Together, the two fellowships represent nearly 20,000 North American career missionaries.

Obituary

U.S. Center Area Rep Dies of Sudden Heart Attack

Ralph McFarland, Tucson Area Representative for the U.S. Center for World Mission died of a heart attack on October 9, 1998. Ironically, when he collapsed, he was packing a truck in preparation for a move to Pasadena where he hoped to serve with his wife as full-time volunteers for the Center.

Ralph was a great friend of the USCWM--and the Great Commission. He spent much of his time spreading the vision for unreached peoples and informing others of the resources and ministries of the USCWM. He was also a radical financial giver to missions.

Among those who will miss him most are his wife, Faye, and his granddaugther, Jamie, whom he raised like his own daughter until she was 16 years old.

The U.S. Center Community Retreat at Forest Home Focuses on the Family

The mountain retreat center at Forest Home in the San Bernadino mountains served as a pleasant venue for rest, community-building and a bit of intellectual rigor as the U.S. Center for World Mission and its affiliated university retreated for this biennial event.

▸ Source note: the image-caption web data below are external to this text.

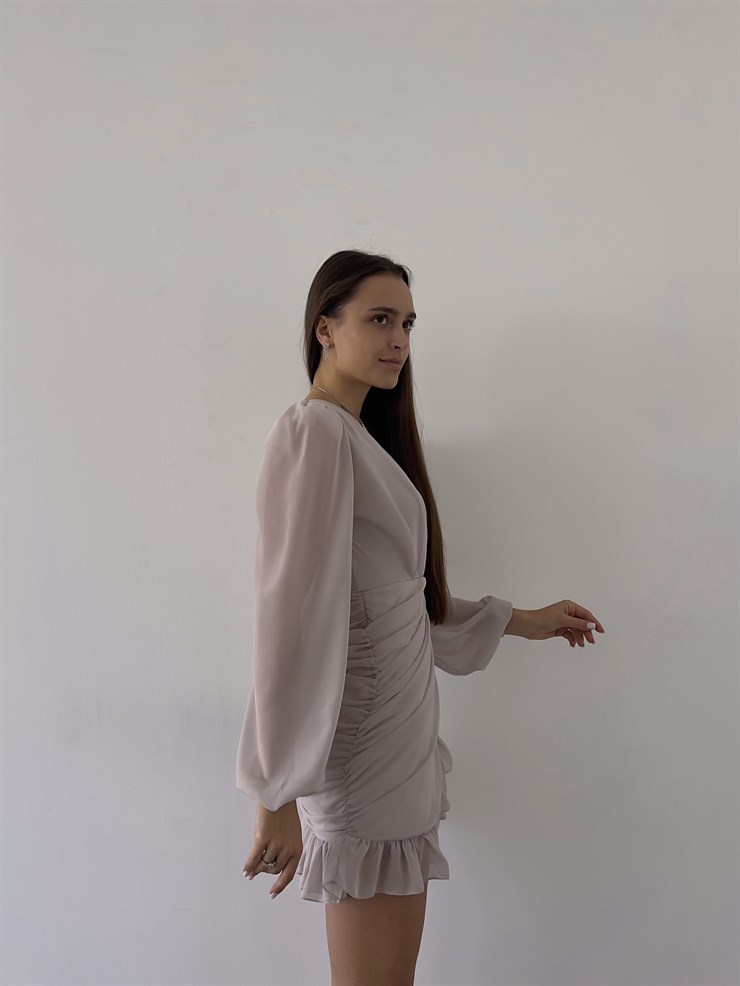 Kruvaze Yaka Drapeli Etek Kısmı Fırfırlı Amara Kadın Taş Renk Mini Elbise 22Y000015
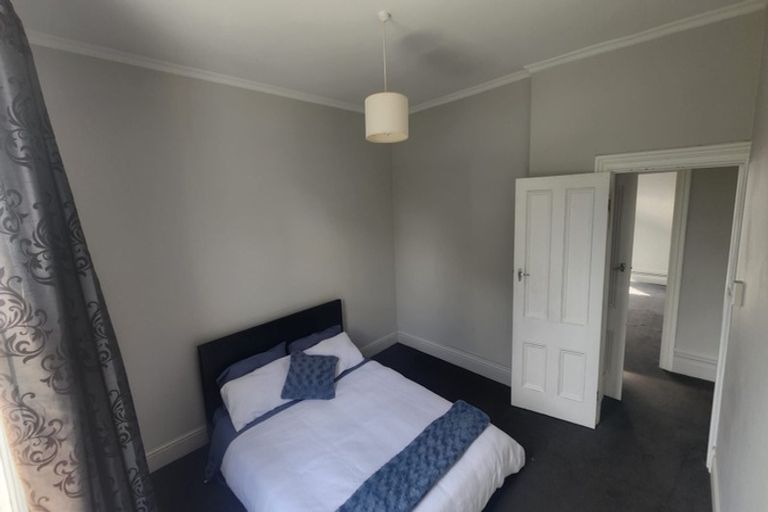 Photo of property in 129 Tasman Street, Mount Cook, Wellington, 6021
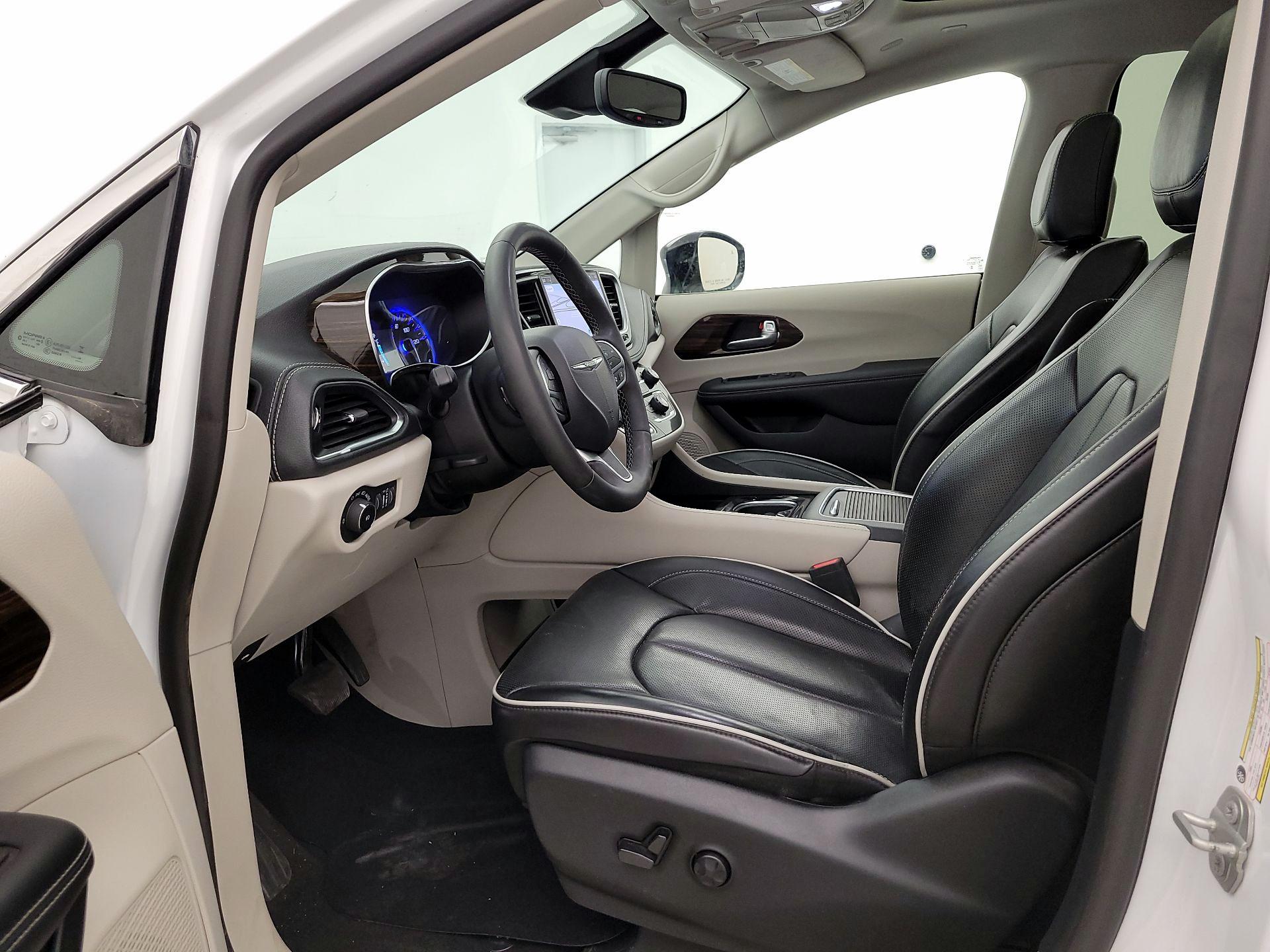 Thumbnail: 2024 Chrysler Pacifica - 11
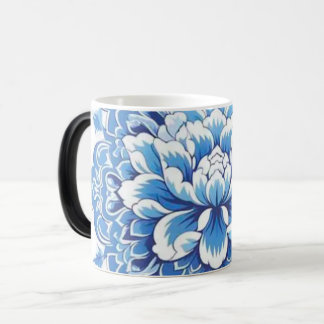 Blå och vit blomster magisk mugg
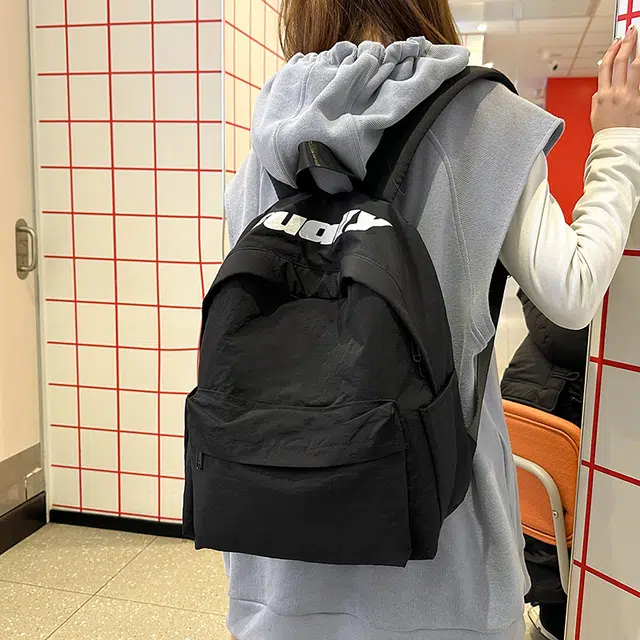 小猪班纳 轻便通勤百搭潮大学生休闲时尚旅行背包 尼龙布 双肩包 男女同款情侣款 多色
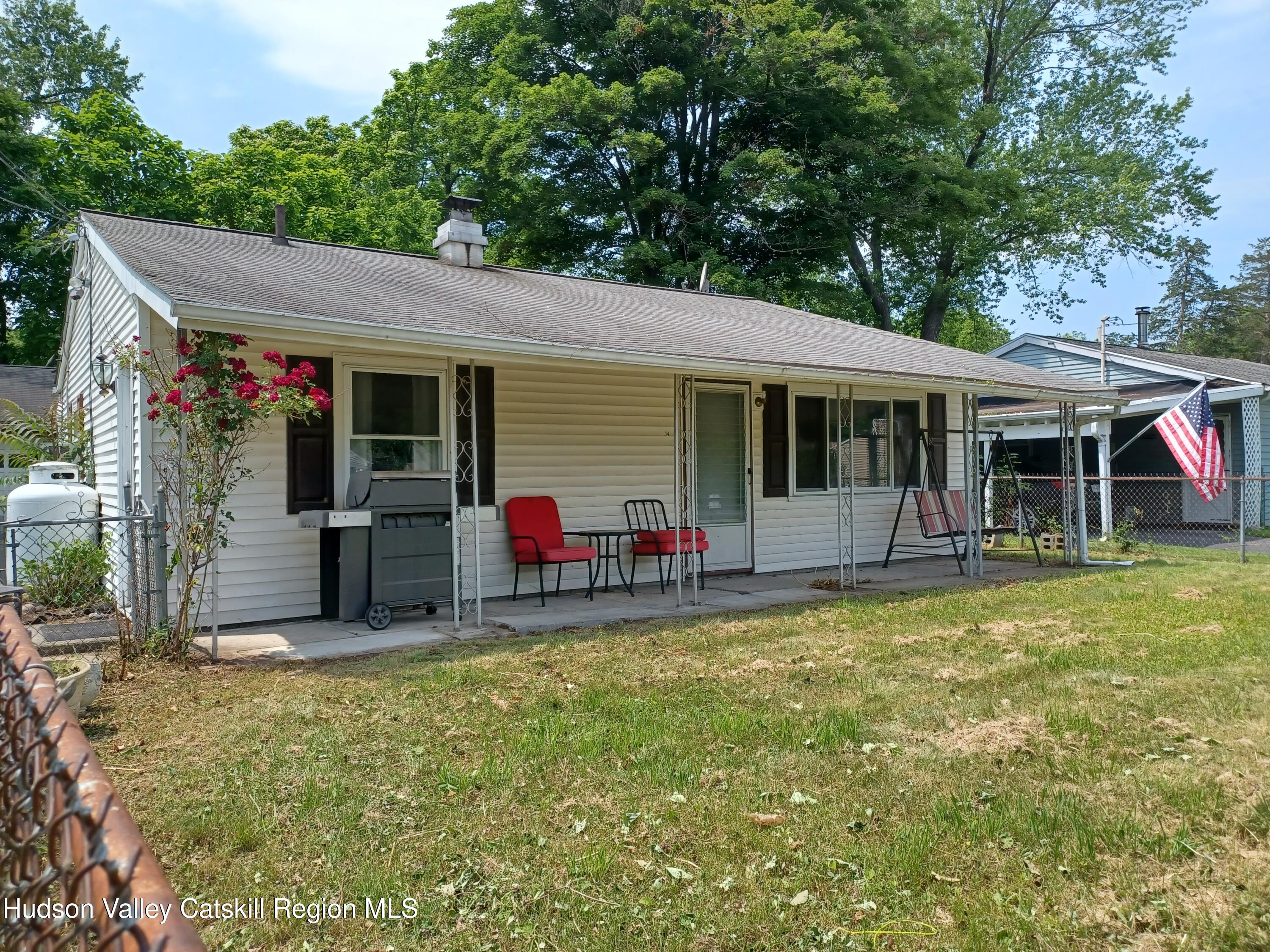 14 Center Road, High Falls, New York - 1 Bedrooms  
1 Bathrooms - 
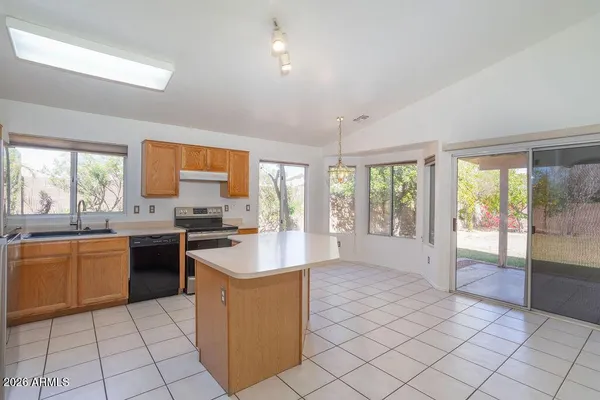 $2,500 | 19015 North 25th Place, Phoenix, AZ 85050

With over 120 adults and 50 children present, the theme of the retreat, "Community Under Construction" was an effort to incorporate the best elements of the extended-family structure into the U.S. Center community--something of a surrogate extended-family.

While an appreciation of such a structure serves the purposes of community in Pasadena well, it also helps mobilizers and aspiring field missionaries gain a more profound appreciation for the familial structure of the greater part of the world (and of scripture). Namely, this structure is characterized not by a single, nuclear family but several generations, siblings and their families.

To a significant degree, though, the lessons for family resonated with each individual family in the community. According to Greg Parsons, Executive Director of the U.S. Center, "the retreat, as well as our regular activities and fellowship are efforts to help us move forward"--in the missionary task but also to move "deeper in our walk with the Lord and each other."